### THE PROBLEM
Each line below is to be repeated exactly; any picture is to be left out.
── EXERCISE DATA
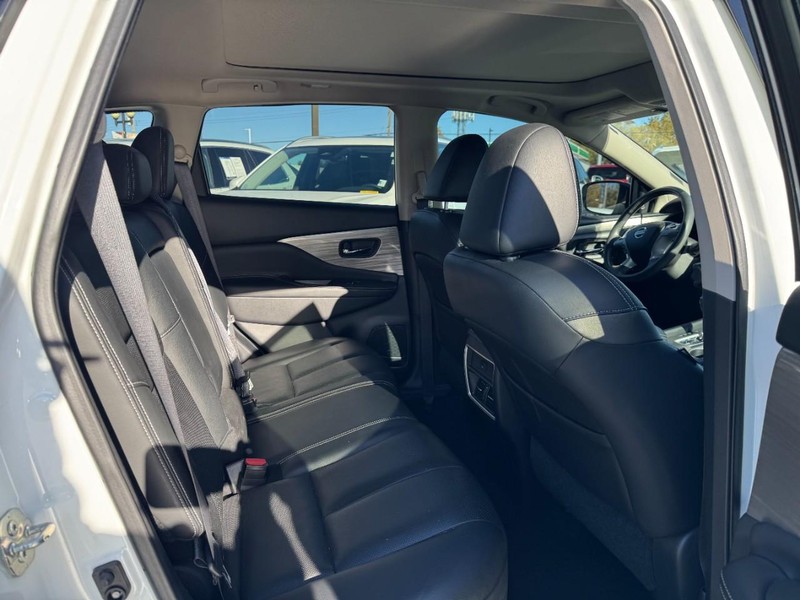 Nissan Murano Vehicle Full-screen Gallery Image 10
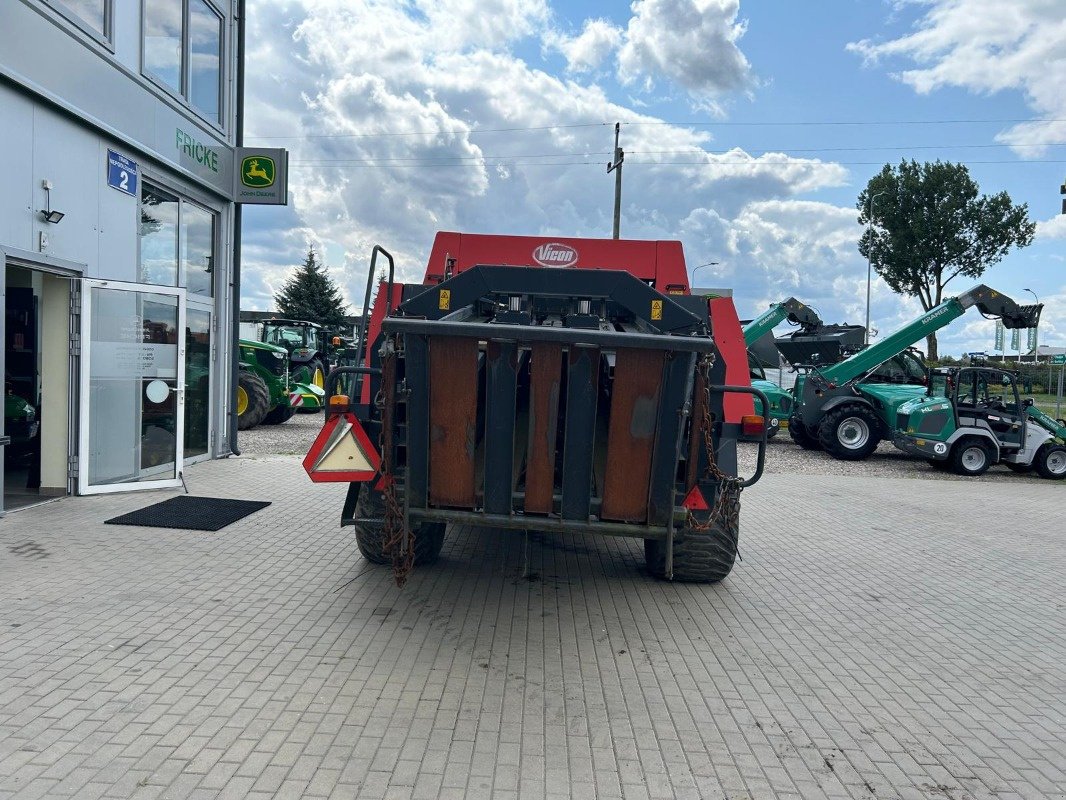 Großpackenpresse van het type Kverneland Vicon LB12100, Gebrauchtmaschine in Mrągowo (Foto 3)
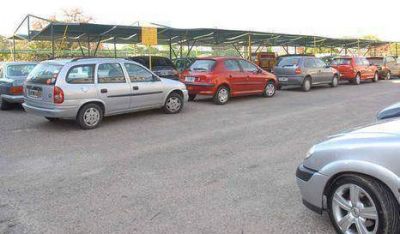 Prohibir�an cobrar estacionamiento en centros comerciales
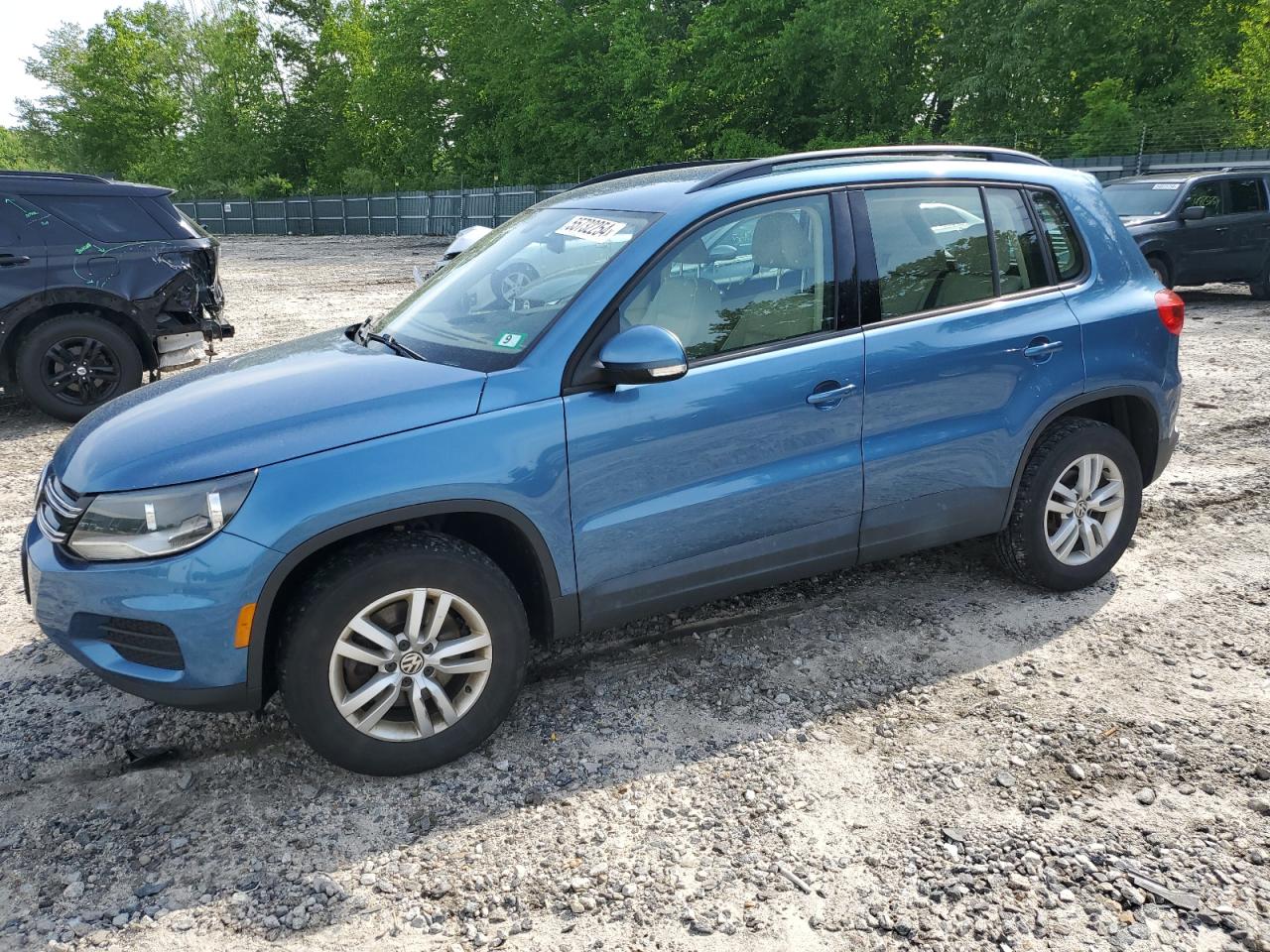 2017 Volkswagen Tiguan VIN WVGBV7AX5HW501999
────
### EXPECTED ANSWER
 Nissan Murano Vehicle Full-screen Gallery Image 10
 Großpackenpresse van het type Kverneland Vicon LB12100, Gebrauchtmaschine in Mrągowo (Foto 3)
 Prohibir�an cobrar estacionamiento en centros comerciales
 2017 Volkswagen Tiguan VIN WVGBV7AX5HW501999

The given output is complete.